Task statement: Write out the records in full, exactly as given, but without the images.
-------- Given records --------
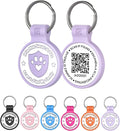Silicone Cat Tags Personalized Small for Pet Collars, QR Code Cat Name Tags, Scan Location Alerts, Purple S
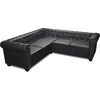 Image de vidaXL Canapé d'angle Chesterfield 5 places en similicuir noir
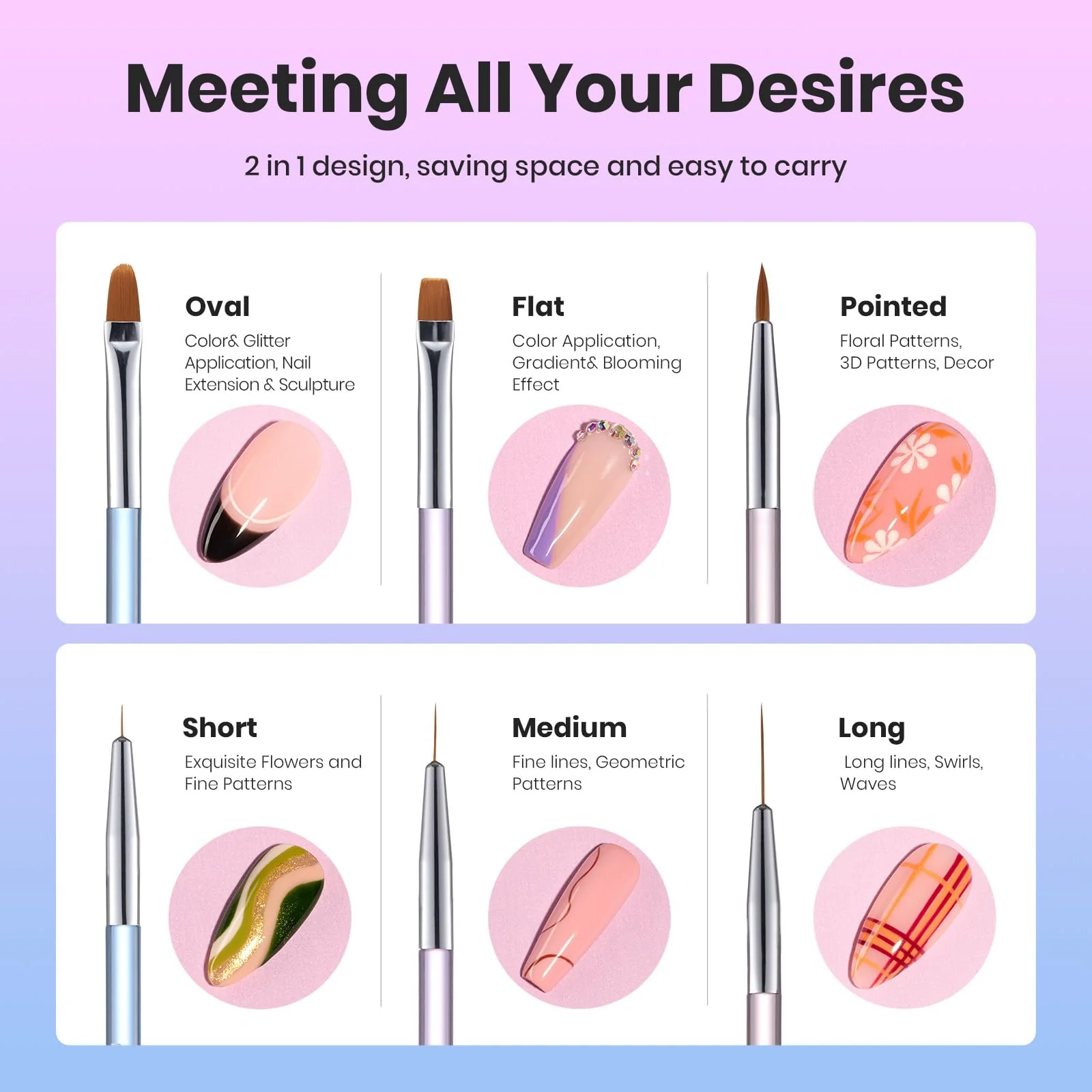 Dual-Head Nail Art Brushes Set: Easy Painting in Various Nail Designs - Image 3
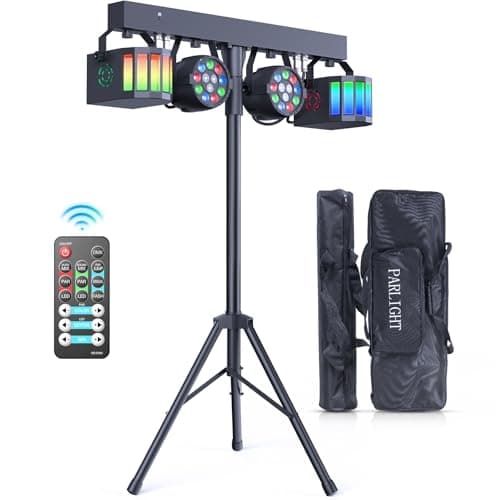 Image of 60W DJ Light Set with Stand, Bag and Remote Control, RGBW Derby LED Par Party Lights DMX- 3/6/15CH Strobe Stage Lighting for Churches Concerts Weddings Birthday KTV Halloween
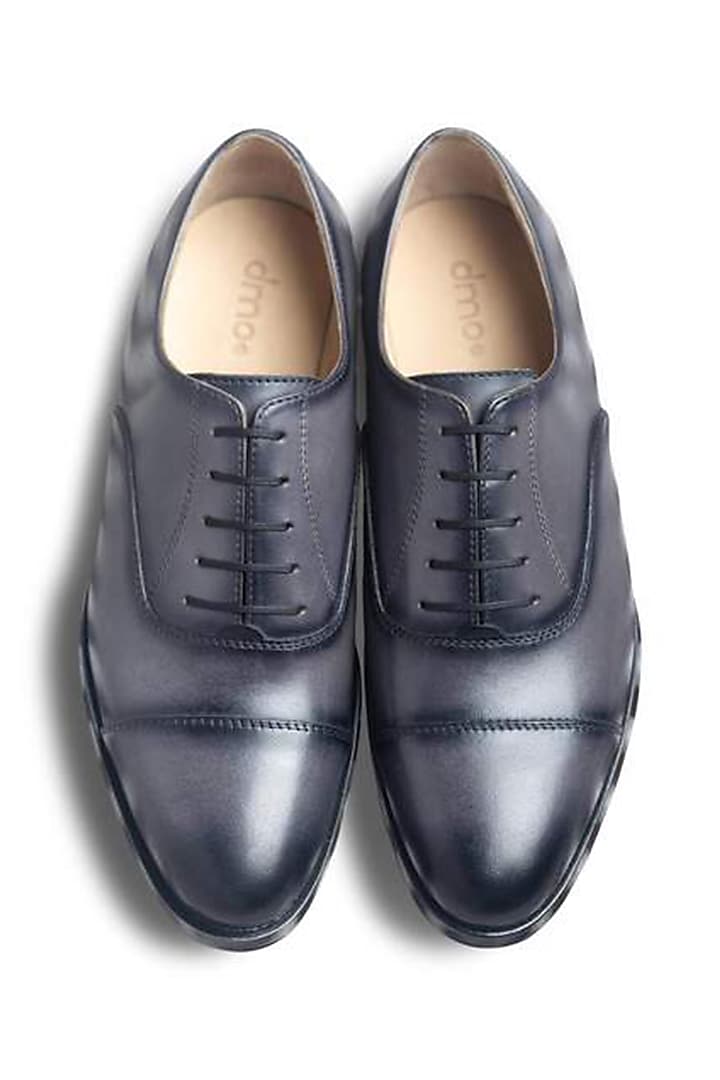 Grey Leather Cap-Toe Oxford Shoes by Dmodot at Pernia's Pop Up Shop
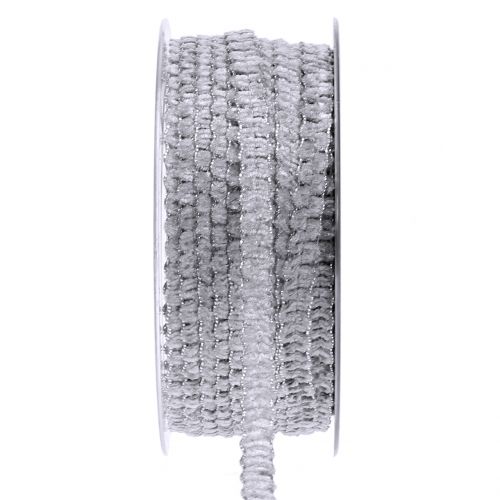 Floristik24 Deco bånd fløyels utseende grå 10mm 20m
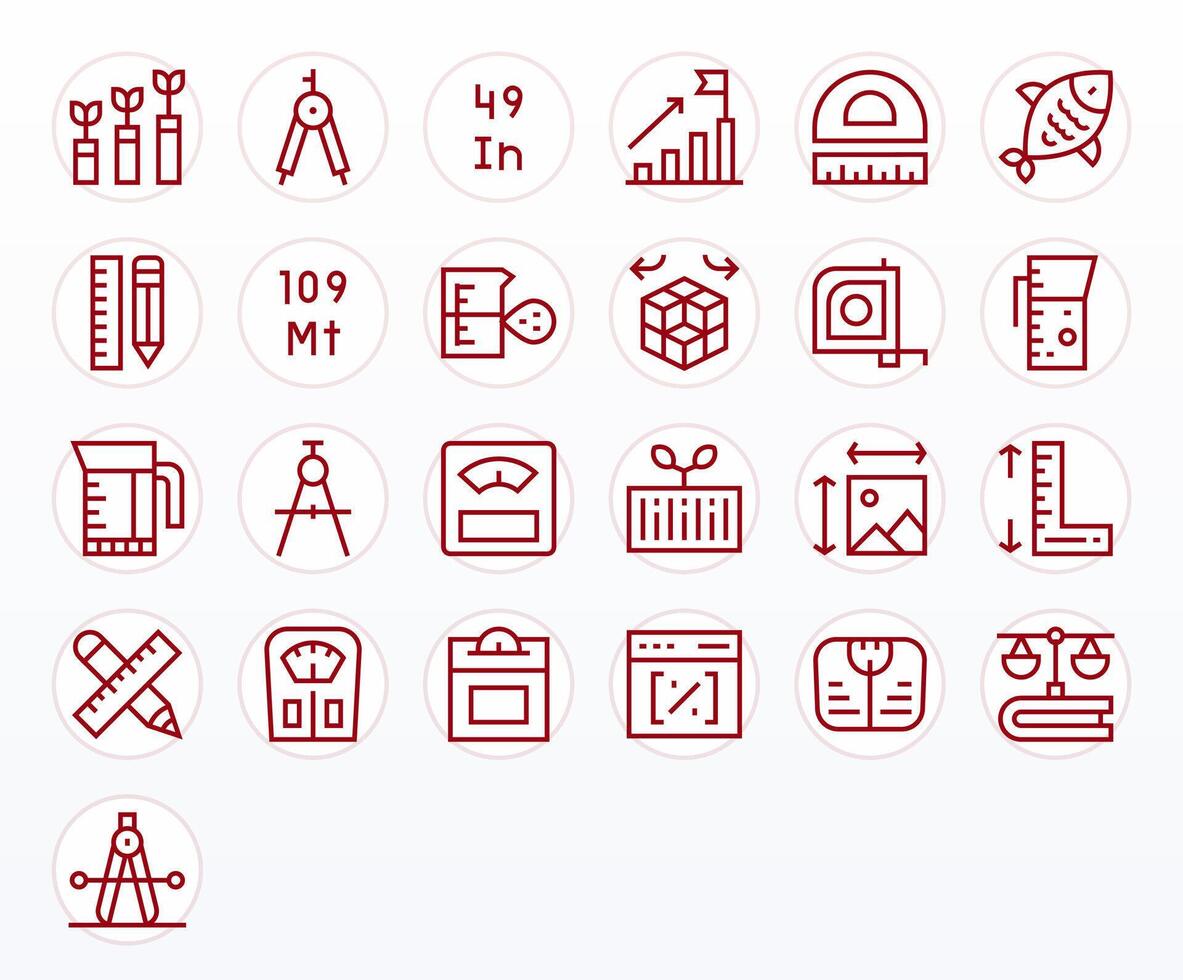 25 64x64 Icons for Scale in Editable Regular Line Format vector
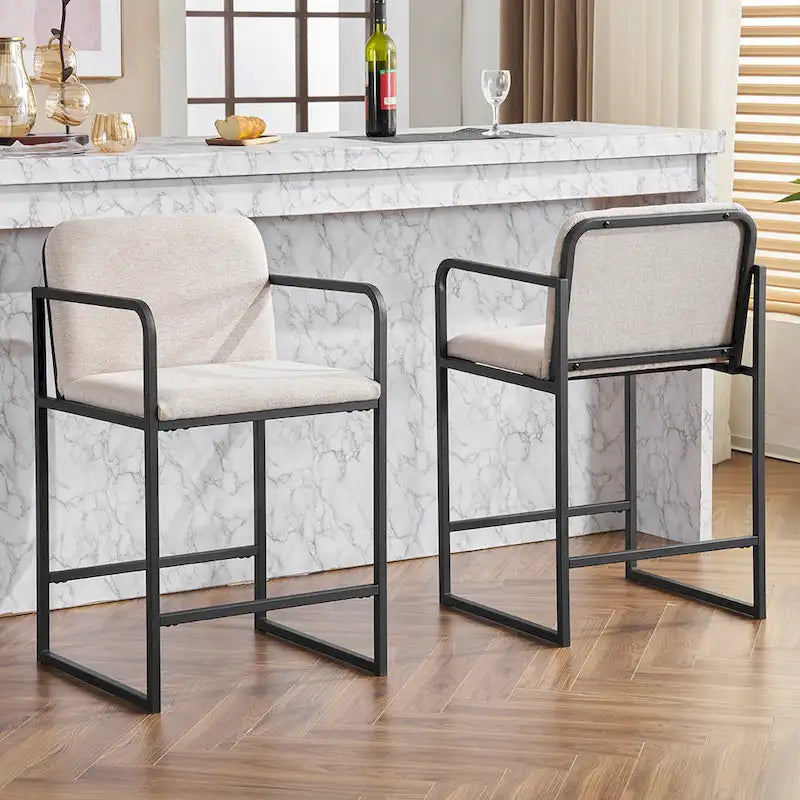 Tabouret de bar moderne rembourré à hauteur de comptoir avec accoudoirs, piètement en métal et assise matelassée (2 tabourets)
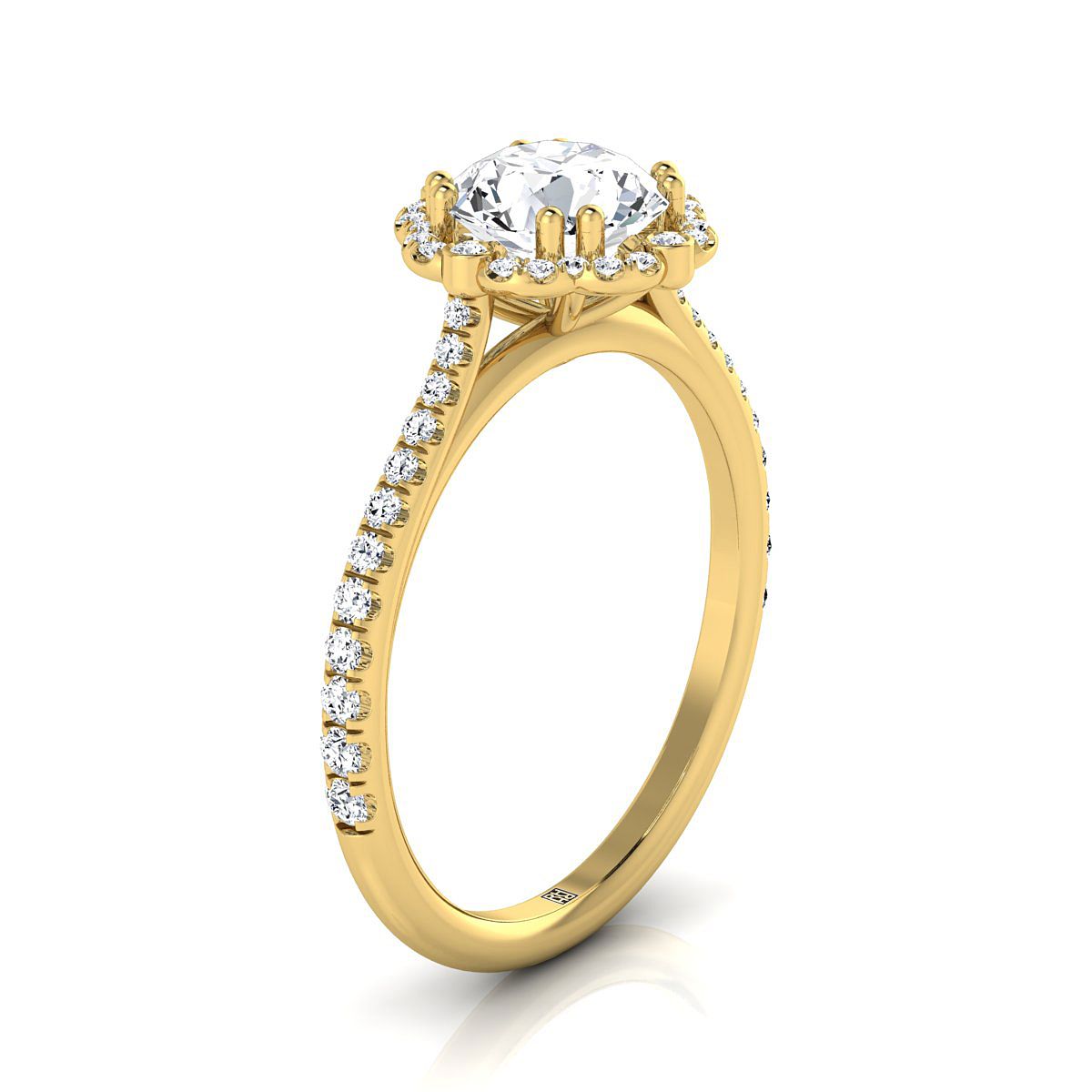 18K Yellow Gold Round Brilliant Aquamarine Ornate Diamond Halo Vintage Inspired Engagement Ring -1/4ctw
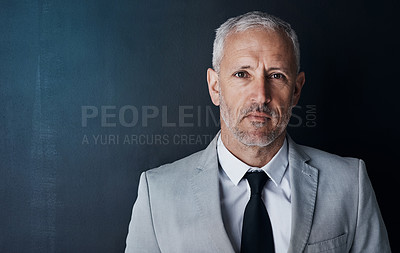 Buy stock photo Senior executive, business man and headshot, portrait with confidence and management on dark background. Male CEO, corporate director in studio and suit with ambition, empowerment and mockup space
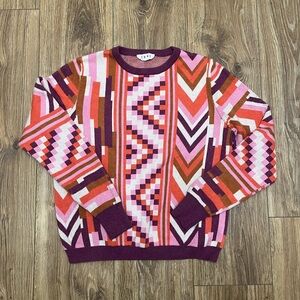 THML Colorful Geometric Crewneck Sweater Sz XS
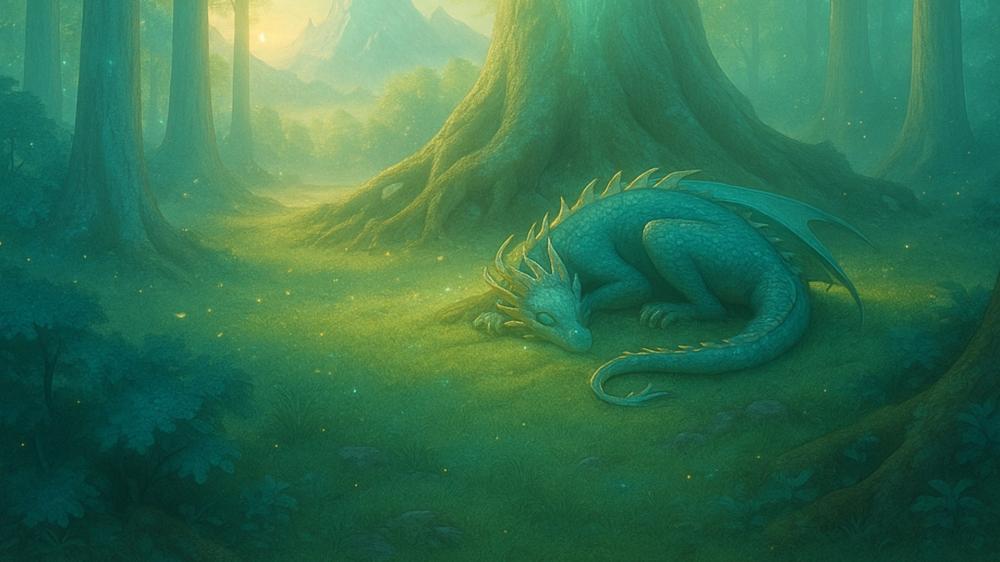 Sleeping Green Dragon in Enchanted Forest wallpaper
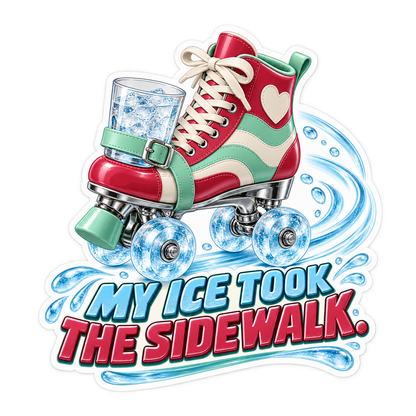 Red Green Roller Skate with Water Glass Vinyl Decal Stickers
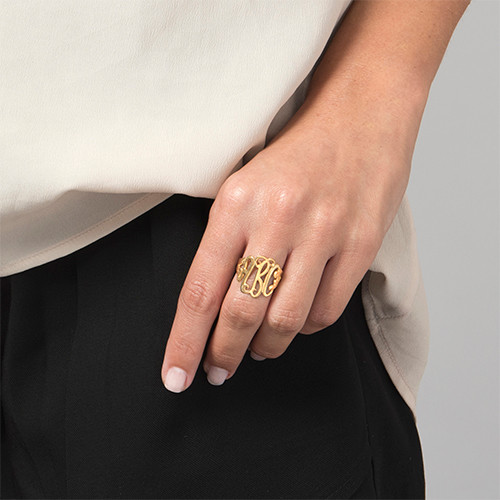 18k Gold Plated Monogrammed Ring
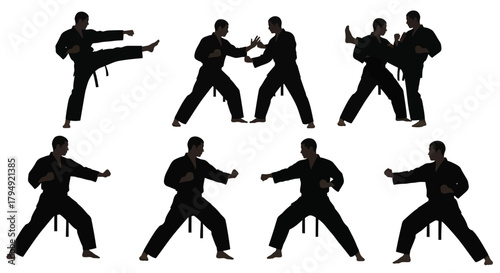 Dynamic Martial Arts Silhouettes in Various Poses.
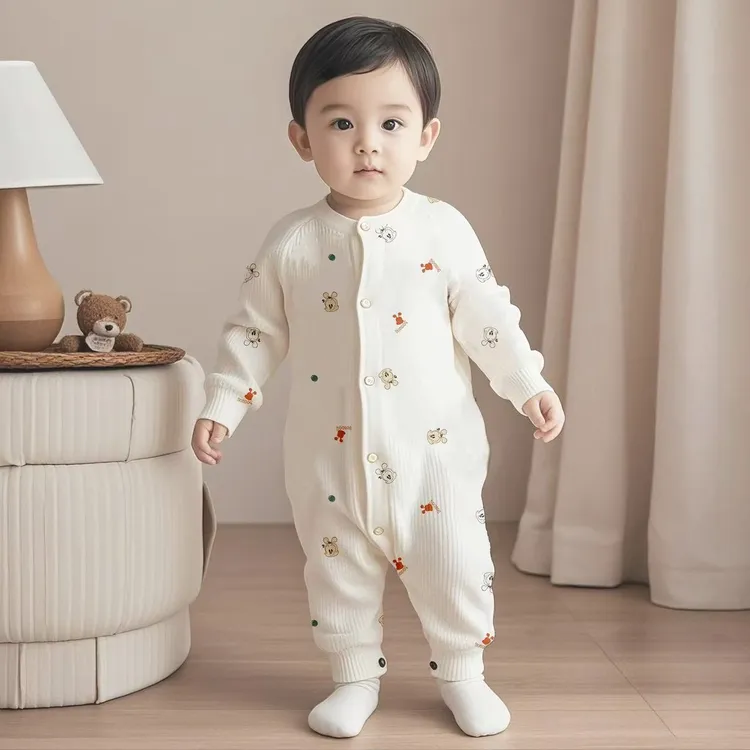 巴布豆2025婴儿衣服无骨贴身内衣满印花新生儿哈衣爬服宝宝连体衣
--------
Written solution:
Silicone Cat Tags Personalized Small for Pet Collars, QR Code Cat Name Tags, Scan Location Alerts, Purple S
 Image de vidaXL Canapé d'angle Chesterfield 5 places en similicuir noir
 Dual-Head Nail Art Brushes Set: Easy Painting in Various Nail Designs - Image 3
 Image of 60W DJ Light Set with Stand, Bag and Remote Control, RGBW Derby LED Par Party Lights DMX- 3/6/15CH Strobe Stage Lighting for Churches Concerts Weddings Birthday KTV Halloween
 Grey Leather Cap-Toe Oxford Shoes by Dmodot at Pernia's Pop Up Shop
 Floristik24 Deco bånd fløyels utseende grå 10mm 20m
 25 64x64 Icons for Scale in Editable Regular Line Format vector
 Tabouret de bar moderne rembourré à hauteur de comptoir avec accoudoirs, piètement en métal et assise matelassée (2 tabourets)
 18K Yellow Gold Round Brilliant Aquamarine Ornate Diamond Halo Vintage Inspired Engagement Ring -1/4ctw
 Buy stock photo Senior executive, business man and headshot, portrait with confidence and management on dark background. Male CEO, corporate director in studio and suit with ambition, empowerment and mockup space
 THML Colorful Geometric Crewneck Sweater Sz XS
 Sleeping Green Dragon in Enchanted Forest wallpaper
 Red Green Roller Skate with Water Glass Vinyl Decal Stickers
 18k Gold Plated Monogrammed Ring
 Dynamic Martial Arts Silhouettes in Various Poses.
 巴布豆2025婴儿衣服无骨贴身内衣满印花新生儿哈衣爬服宝宝连体衣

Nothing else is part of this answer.